TASK OBJECTIVE:
Copy out the data below as written; omit any images.

[[ EXCERPTED DATA, beginning ]]

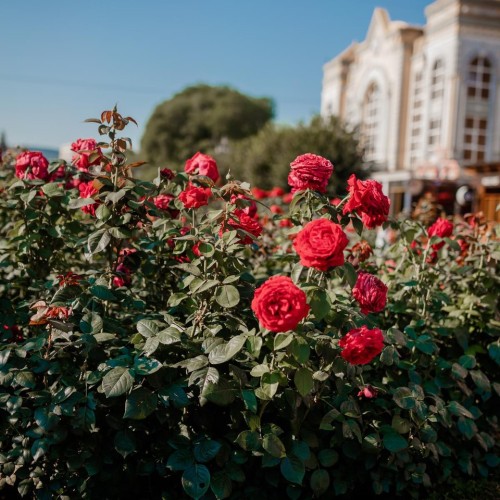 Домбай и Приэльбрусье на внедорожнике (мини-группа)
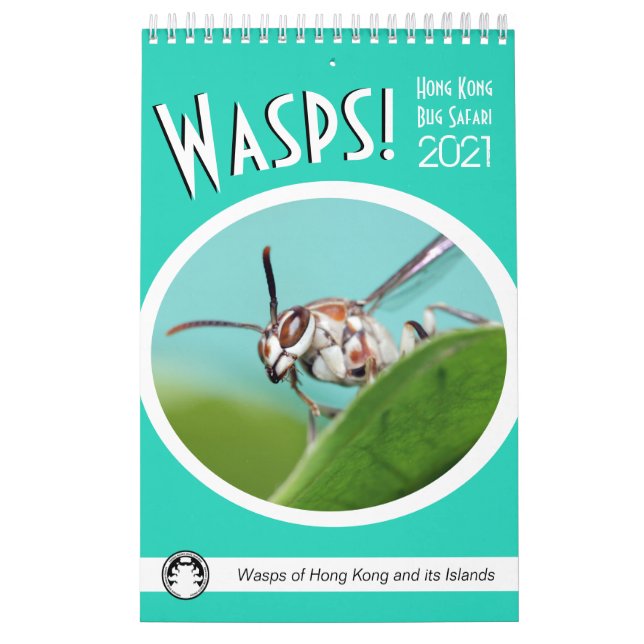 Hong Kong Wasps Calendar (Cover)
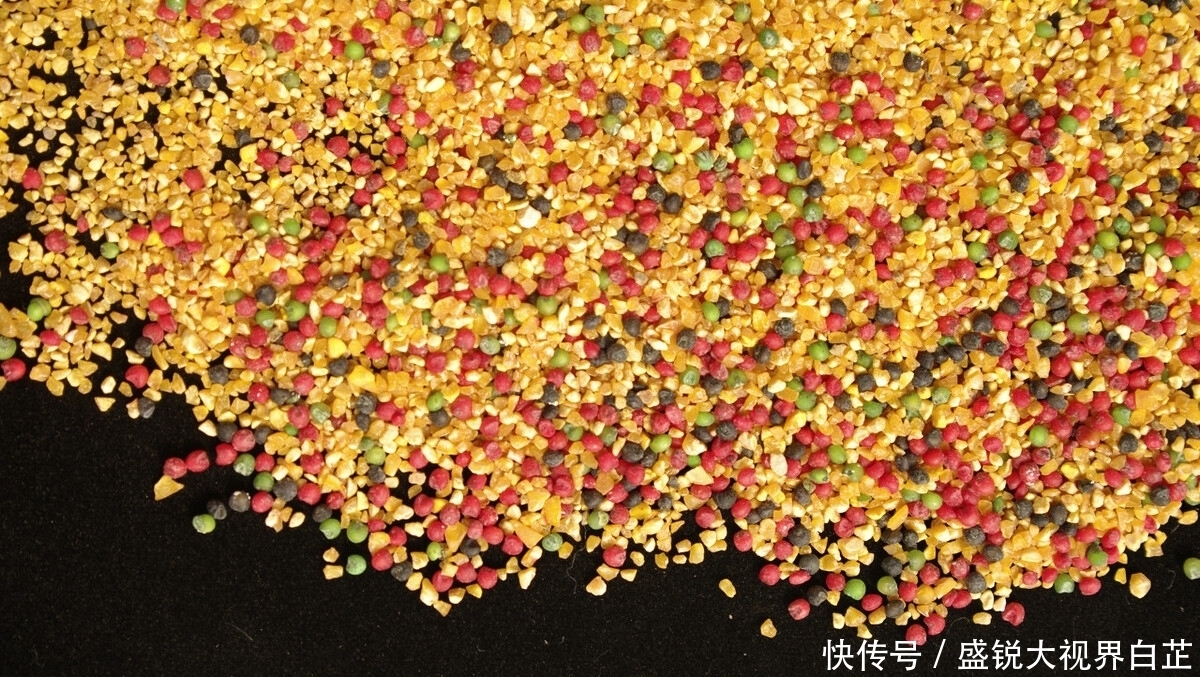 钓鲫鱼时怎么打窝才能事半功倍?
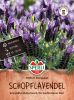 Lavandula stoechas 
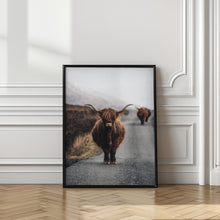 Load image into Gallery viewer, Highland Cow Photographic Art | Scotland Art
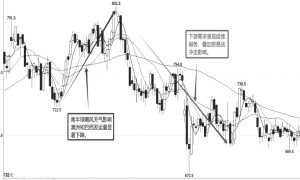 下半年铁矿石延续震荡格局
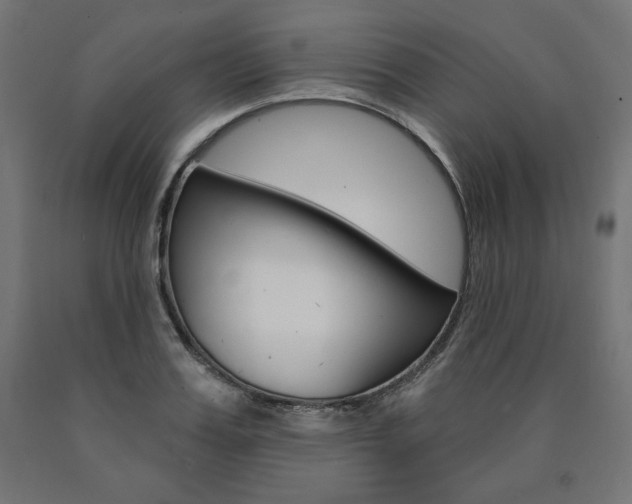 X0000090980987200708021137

[[ EXCERPTED DATA, end ]]

ANSWER TO THE PROBLEM:
 Домбай и Приэльбрусье на внедорожнике (мини-группа)
 Hong Kong Wasps Calendar (Cover)
 钓鲫鱼时怎么打窝才能事半功倍?
 Lavandula stoechas 
 Load image into Gallery viewer, Highland Cow Photographic Art | Scotland Art
 下半年铁矿石延续震荡格局
 X0000090980987200708021137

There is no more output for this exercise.